AIM OF THE TASK -
Set down every entry word for word. Omit the pictures.

RECORDS FOR PROCESSING Block Start

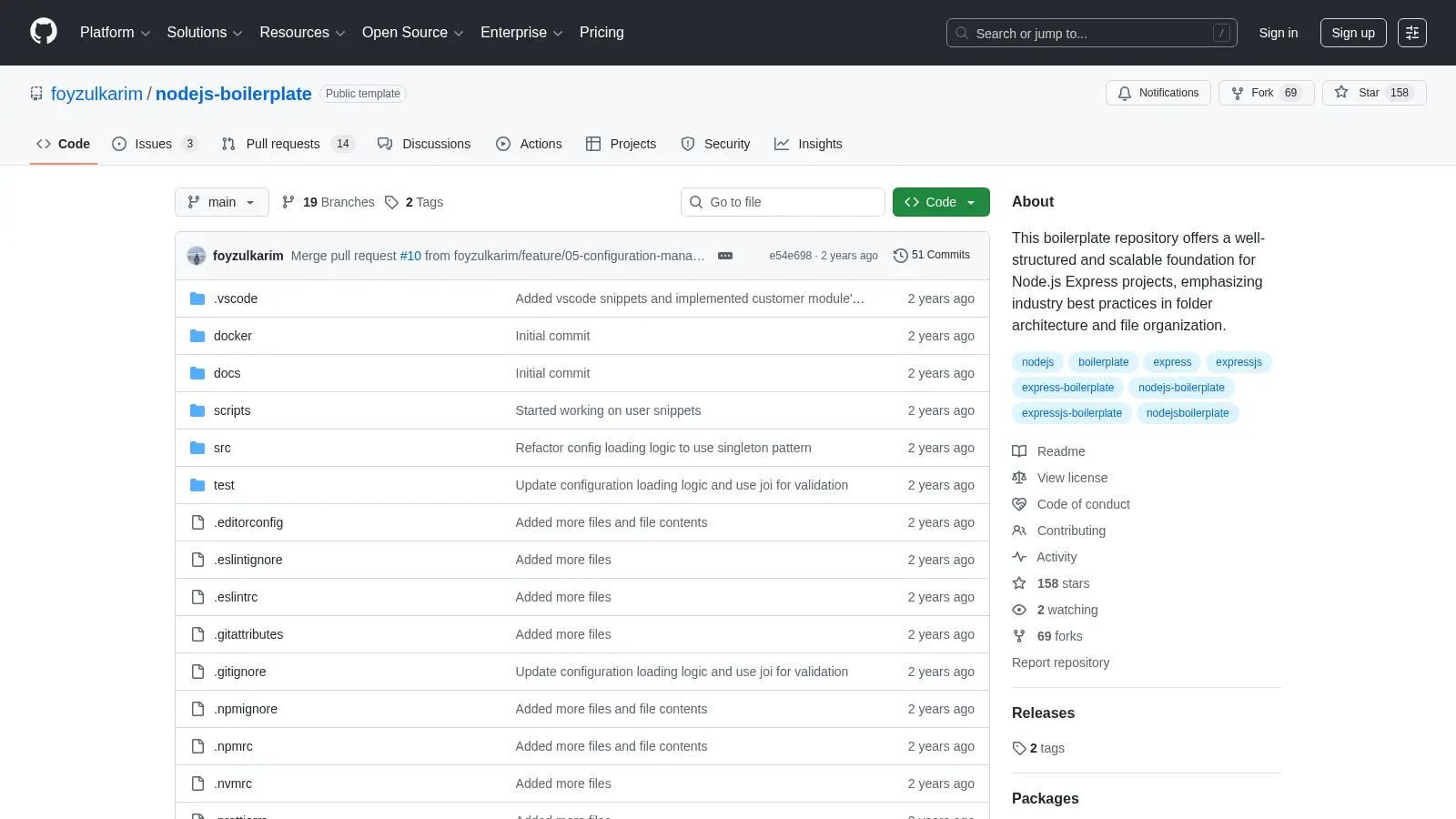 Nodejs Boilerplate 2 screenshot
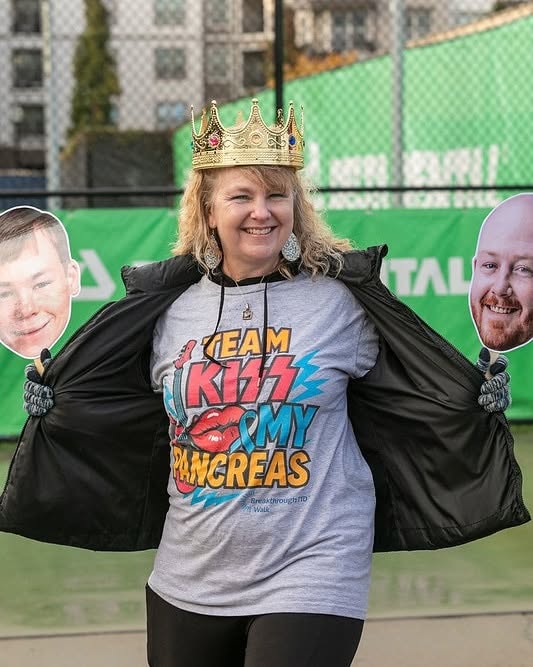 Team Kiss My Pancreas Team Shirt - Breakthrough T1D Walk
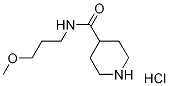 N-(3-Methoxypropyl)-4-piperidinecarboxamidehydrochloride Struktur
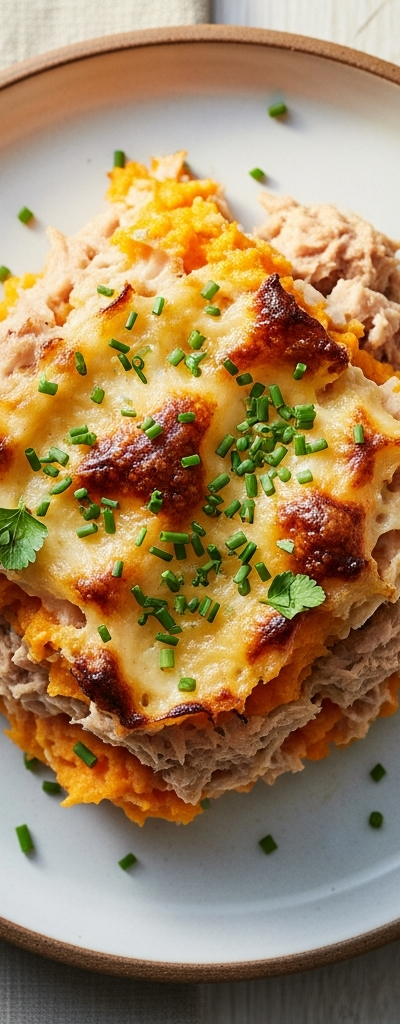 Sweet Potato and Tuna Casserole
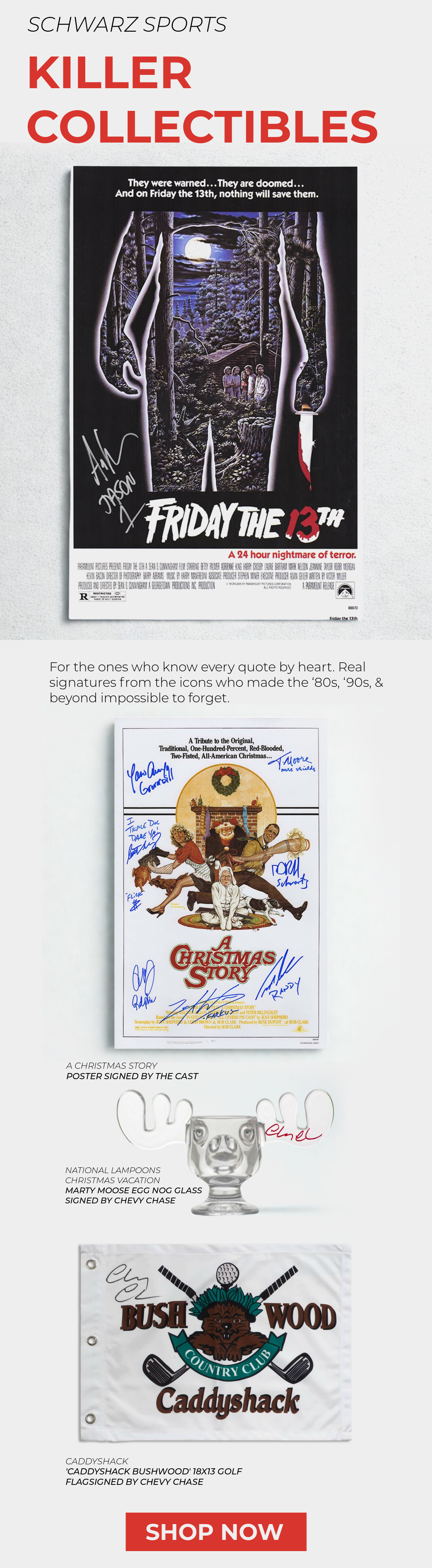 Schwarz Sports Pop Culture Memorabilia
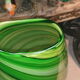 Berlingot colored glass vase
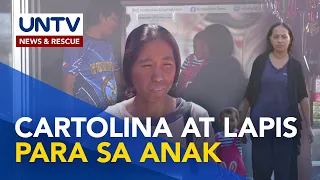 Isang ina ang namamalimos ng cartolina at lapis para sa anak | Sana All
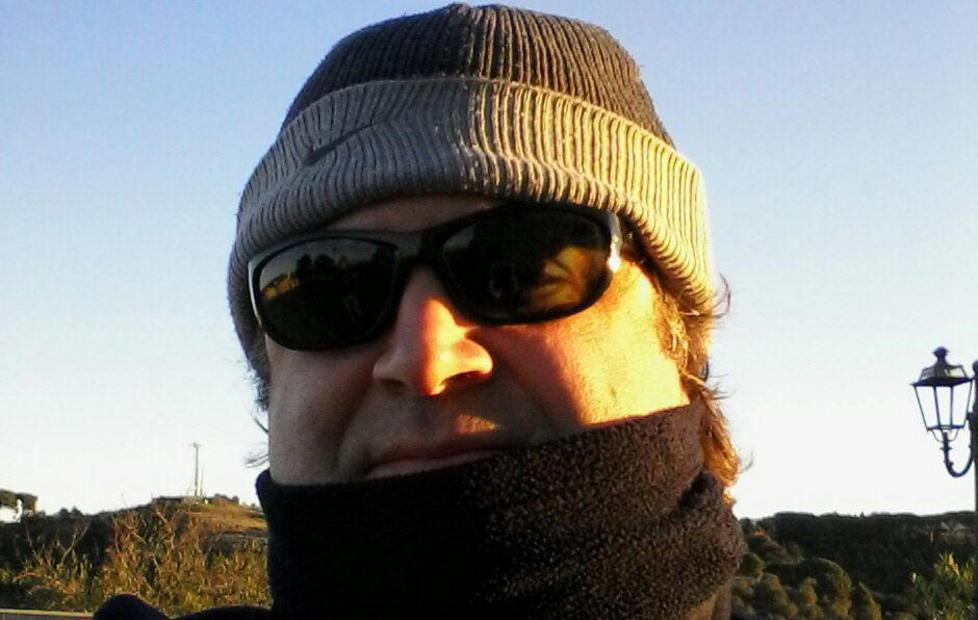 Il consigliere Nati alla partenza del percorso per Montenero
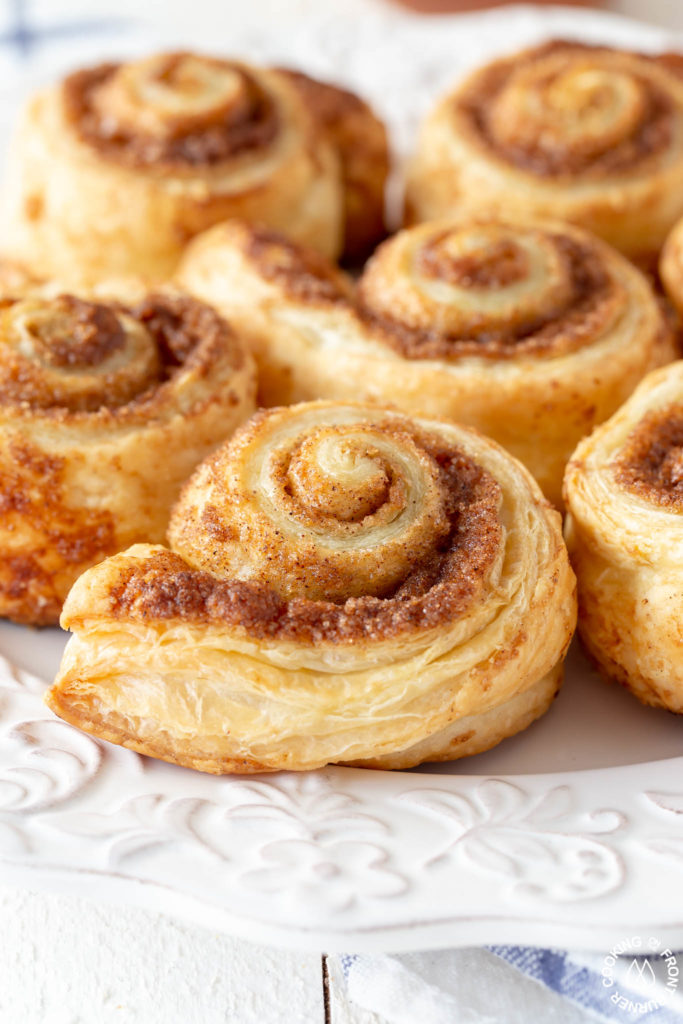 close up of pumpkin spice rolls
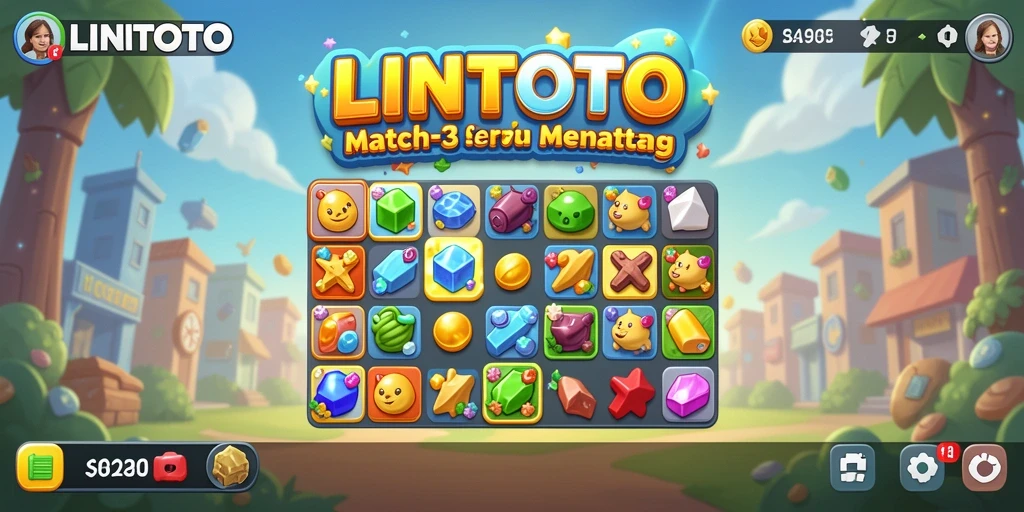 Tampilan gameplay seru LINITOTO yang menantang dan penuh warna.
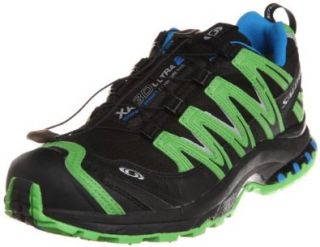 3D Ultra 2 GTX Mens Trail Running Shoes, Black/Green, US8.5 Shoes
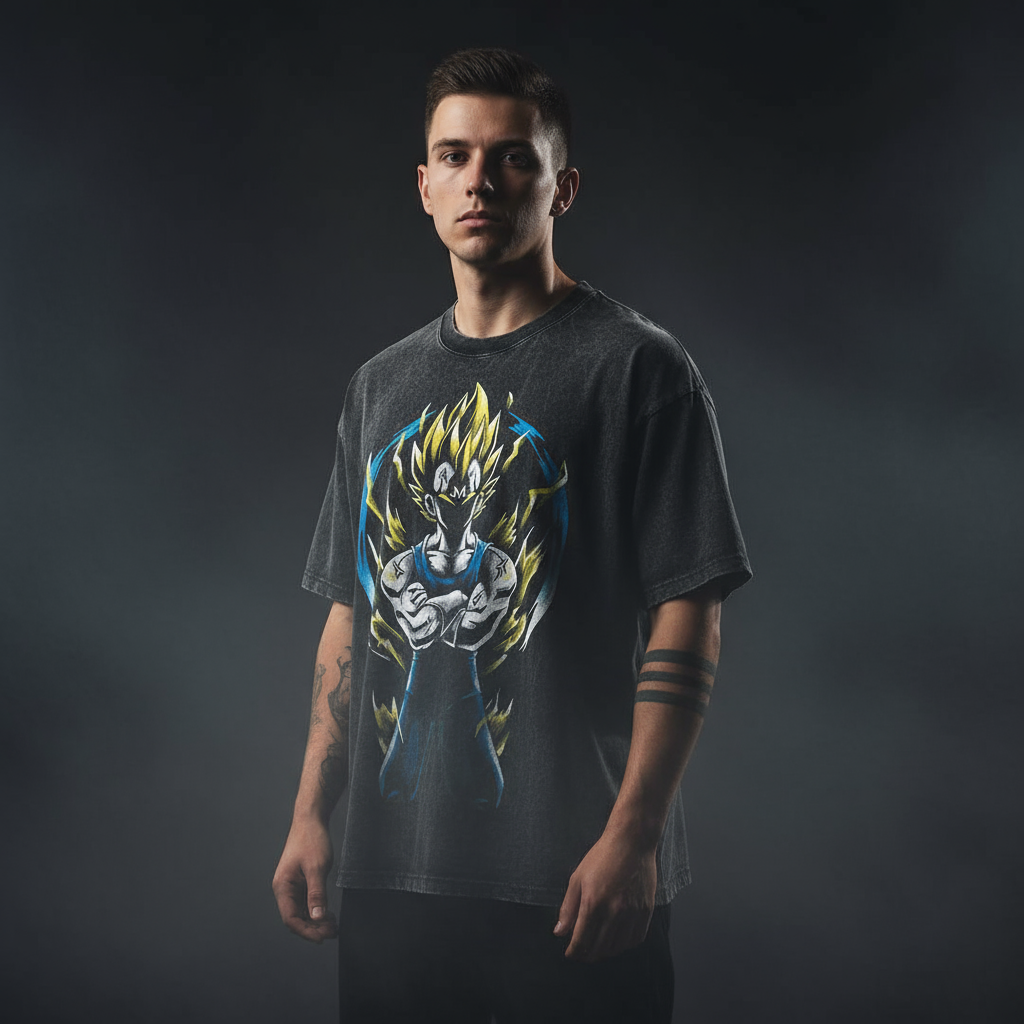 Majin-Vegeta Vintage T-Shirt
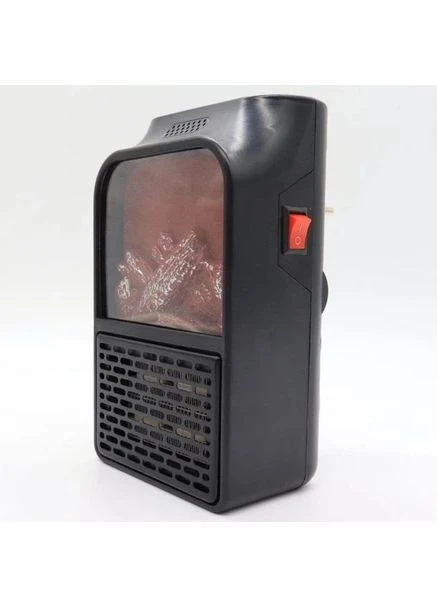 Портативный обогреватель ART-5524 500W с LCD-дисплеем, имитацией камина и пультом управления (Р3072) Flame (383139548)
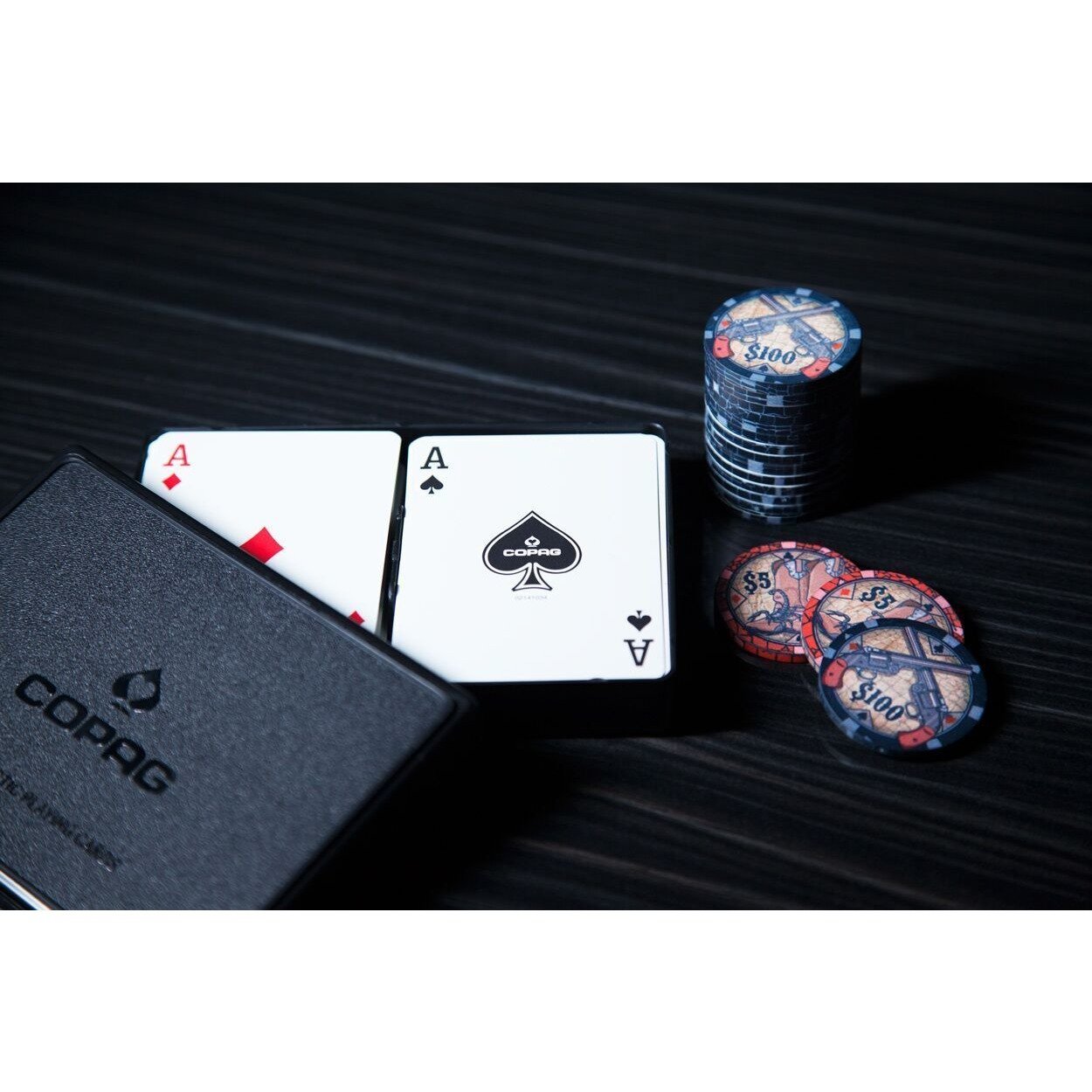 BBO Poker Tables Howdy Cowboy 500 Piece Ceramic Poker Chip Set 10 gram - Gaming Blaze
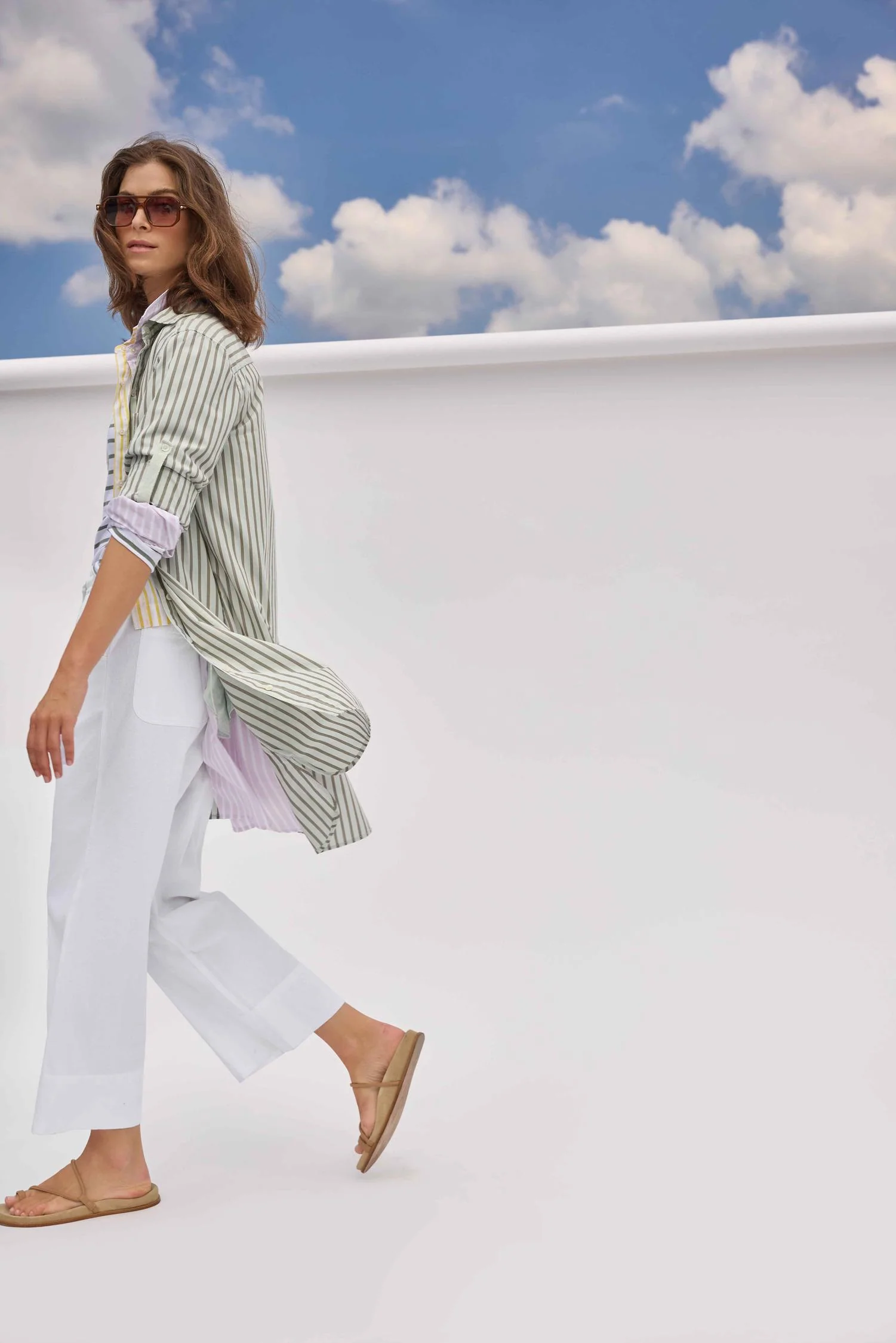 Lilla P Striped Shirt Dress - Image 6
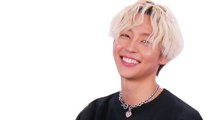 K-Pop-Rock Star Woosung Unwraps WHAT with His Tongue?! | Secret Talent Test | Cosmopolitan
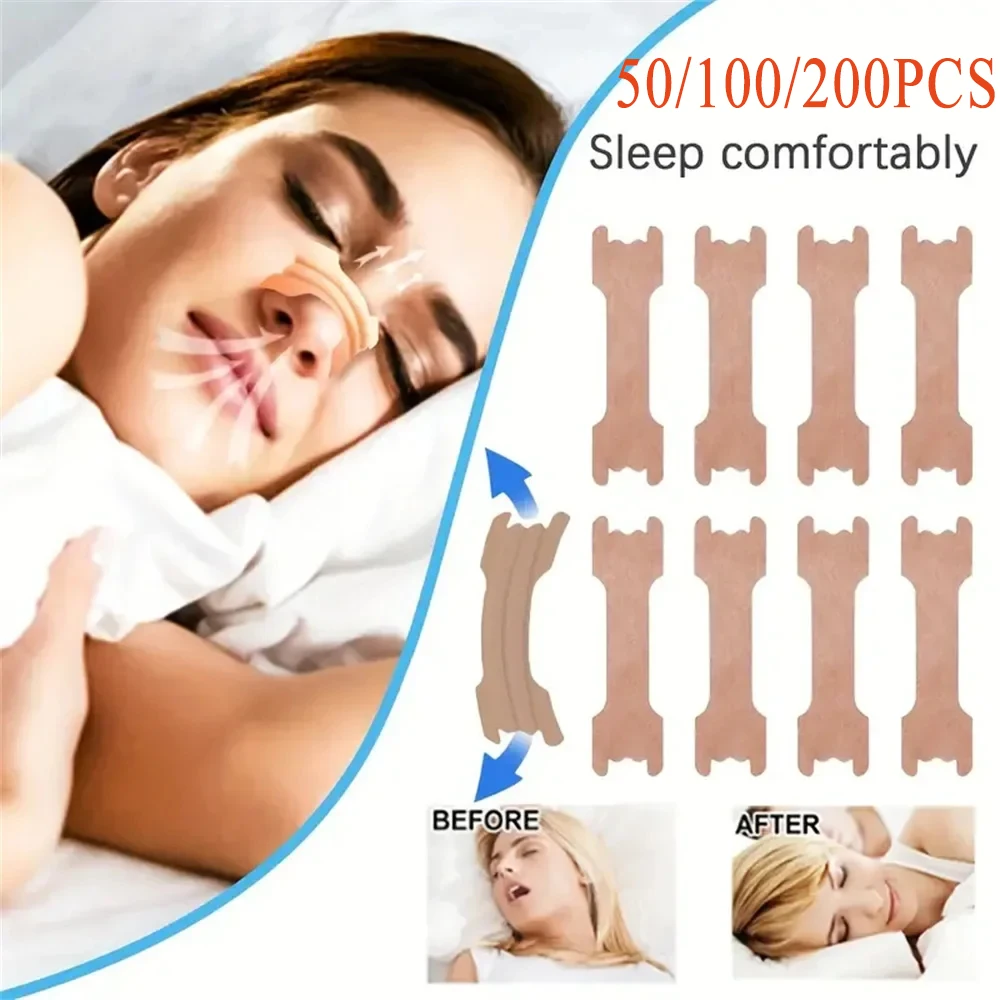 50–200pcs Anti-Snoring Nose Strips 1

RECORDS FOR PROCESSING Block End

ANSWER -
 Nodejs Boilerplate 2 screenshot
 Team Kiss My Pancreas Team Shirt - Breakthrough T1D Walk
 N-(3-Methoxypropyl)-4-piperidinecarboxamidehydrochloride Struktur
 Sweet Potato and Tuna Casserole
 Schwarz Sports Pop Culture Memorabilia
 Berlingot colored glass vase
 Isang ina ang namamalimos ng cartolina at lapis para sa anak | Sana All
 Il consigliere Nati alla partenza del percorso per Montenero
 close up of pumpkin spice rolls
 Tampilan gameplay seru LINITOTO yang menantang dan penuh warna.
 3D Ultra 2 GTX Mens Trail Running Shoes, Black/Green, US8.5 Shoes
 Majin-Vegeta Vintage T-Shirt
 Портативный обогреватель ART-5524 500W с LCD-дисплеем, имитацией камина и пультом управления (Р3072) Flame (383139548)
 BBO Poker Tables Howdy Cowboy 500 Piece Ceramic Poker Chip Set 10 gram - Gaming Blaze
 Lilla P Striped Shirt Dress - Image 6
 K-Pop-Rock Star Woosung Unwraps WHAT with His Tongue?! | Secret Talent Test | Cosmopolitan
 50–200pcs Anti-Snoring Nose Strips 1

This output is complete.